| PROVIDED ENTRIES |
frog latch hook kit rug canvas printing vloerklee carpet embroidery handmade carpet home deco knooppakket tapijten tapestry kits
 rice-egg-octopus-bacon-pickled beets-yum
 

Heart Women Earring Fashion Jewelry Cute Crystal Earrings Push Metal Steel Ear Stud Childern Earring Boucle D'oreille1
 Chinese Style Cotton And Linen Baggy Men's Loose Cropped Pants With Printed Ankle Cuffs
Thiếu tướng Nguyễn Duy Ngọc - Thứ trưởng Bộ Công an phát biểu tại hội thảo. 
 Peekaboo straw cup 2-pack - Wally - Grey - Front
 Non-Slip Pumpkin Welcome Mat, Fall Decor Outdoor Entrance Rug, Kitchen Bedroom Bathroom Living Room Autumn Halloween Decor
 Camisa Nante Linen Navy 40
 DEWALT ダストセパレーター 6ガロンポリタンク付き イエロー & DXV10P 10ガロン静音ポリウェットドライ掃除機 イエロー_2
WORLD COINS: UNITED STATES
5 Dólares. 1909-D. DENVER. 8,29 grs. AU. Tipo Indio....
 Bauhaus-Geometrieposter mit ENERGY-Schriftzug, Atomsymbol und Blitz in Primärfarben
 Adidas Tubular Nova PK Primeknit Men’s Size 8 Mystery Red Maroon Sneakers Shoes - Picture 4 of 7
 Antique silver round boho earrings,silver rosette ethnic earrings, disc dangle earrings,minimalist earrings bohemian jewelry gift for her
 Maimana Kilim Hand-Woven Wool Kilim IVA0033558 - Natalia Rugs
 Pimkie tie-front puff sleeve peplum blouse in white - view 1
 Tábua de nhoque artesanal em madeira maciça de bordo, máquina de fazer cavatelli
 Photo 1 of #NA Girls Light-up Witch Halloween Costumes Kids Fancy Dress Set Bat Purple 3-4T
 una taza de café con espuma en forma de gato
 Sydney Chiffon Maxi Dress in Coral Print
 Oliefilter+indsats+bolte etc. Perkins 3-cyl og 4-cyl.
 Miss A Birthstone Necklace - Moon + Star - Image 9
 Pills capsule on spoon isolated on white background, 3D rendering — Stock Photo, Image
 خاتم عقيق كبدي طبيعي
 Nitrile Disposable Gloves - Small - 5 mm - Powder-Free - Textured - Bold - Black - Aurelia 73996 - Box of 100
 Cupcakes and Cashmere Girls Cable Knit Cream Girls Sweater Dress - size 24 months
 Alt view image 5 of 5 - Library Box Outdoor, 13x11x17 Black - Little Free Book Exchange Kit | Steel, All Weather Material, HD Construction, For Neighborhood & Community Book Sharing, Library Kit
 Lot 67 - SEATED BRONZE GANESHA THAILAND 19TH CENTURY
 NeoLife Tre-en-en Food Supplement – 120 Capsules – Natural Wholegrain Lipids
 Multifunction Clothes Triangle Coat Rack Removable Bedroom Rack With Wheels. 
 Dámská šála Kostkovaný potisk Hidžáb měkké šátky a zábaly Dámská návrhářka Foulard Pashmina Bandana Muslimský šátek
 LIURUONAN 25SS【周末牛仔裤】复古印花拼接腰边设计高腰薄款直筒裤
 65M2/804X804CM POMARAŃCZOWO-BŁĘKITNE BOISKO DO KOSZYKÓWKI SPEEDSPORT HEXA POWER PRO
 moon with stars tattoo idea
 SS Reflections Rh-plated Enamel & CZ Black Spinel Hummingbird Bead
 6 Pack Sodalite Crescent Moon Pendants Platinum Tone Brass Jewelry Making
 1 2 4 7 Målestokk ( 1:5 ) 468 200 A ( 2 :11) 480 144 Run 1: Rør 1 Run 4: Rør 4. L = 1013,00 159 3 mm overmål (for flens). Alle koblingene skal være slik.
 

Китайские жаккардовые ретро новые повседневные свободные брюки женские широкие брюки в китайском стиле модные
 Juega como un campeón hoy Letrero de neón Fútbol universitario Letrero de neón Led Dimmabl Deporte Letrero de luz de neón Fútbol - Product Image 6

| THE PROBLEM |
When you reach the line containing "Heart Women Earring" in the data above, start copying exactly, and stop after the line containing "خاتم عقيق كبدي طبيعي".

| RESULT OF THIS TASK |
Heart Women Earring Fashion Jewelry Cute Crystal Earrings Push Metal Steel Ear Stud Childern Earring Boucle D'oreille1
 Chinese Style Cotton And Linen Baggy Men's Loose Cropped Pants With Printed Ankle Cuffs
Thiếu tướng Nguyễn Duy Ngọc - Thứ trưởng Bộ Công an phát biểu tại hội thảo. 
 Peekaboo straw cup 2-pack - Wally - Grey - Front
 Non-Slip Pumpkin Welcome Mat, Fall Decor Outdoor Entrance Rug, Kitchen Bedroom Bathroom Living Room Autumn Halloween Decor
 Camisa Nante Linen Navy 40
 DEWALT ダストセパレーター 6ガロンポリタンク付き イエロー & DXV10P 10ガロン静音ポリウェットドライ掃除機 イエロー_2
WORLD COINS: UNITED STATES
5 Dólares. 1909-D. DENVER. 8,29 grs. AU. Tipo Indio....
 Bauhaus-Geometrieposter mit ENERGY-Schriftzug, Atomsymbol und Blitz in Primärfarben
 Adidas Tubular Nova PK Primeknit Men’s Size 8 Mystery Red Maroon Sneakers Shoes - Picture 4 of 7
 Antique silver round boho earrings,silver rosette ethnic earrings, disc dangle earrings,minimalist earrings bohemian jewelry gift for her
 Maimana Kilim Hand-Woven Wool Kilim IVA0033558 - Natalia Rugs
 Pimkie tie-front puff sleeve peplum blouse in white - view 1
 Tábua de nhoque artesanal em madeira maciça de bordo, máquina de fazer cavatelli
 Photo 1 of #NA Girls Light-up Witch Halloween Costumes Kids Fancy Dress Set Bat Purple 3-4T
 una taza de café con espuma en forma de gato
 Sydney Chiffon Maxi Dress in Coral Print
 Oliefilter+indsats+bolte etc. Perkins 3-cyl og 4-cyl.
 Miss A Birthstone Necklace - Moon + Star - Image 9
 Pills capsule on spoon isolated on white background, 3D rendering — Stock Photo, Image
 خاتم عقيق كبدي طبيعي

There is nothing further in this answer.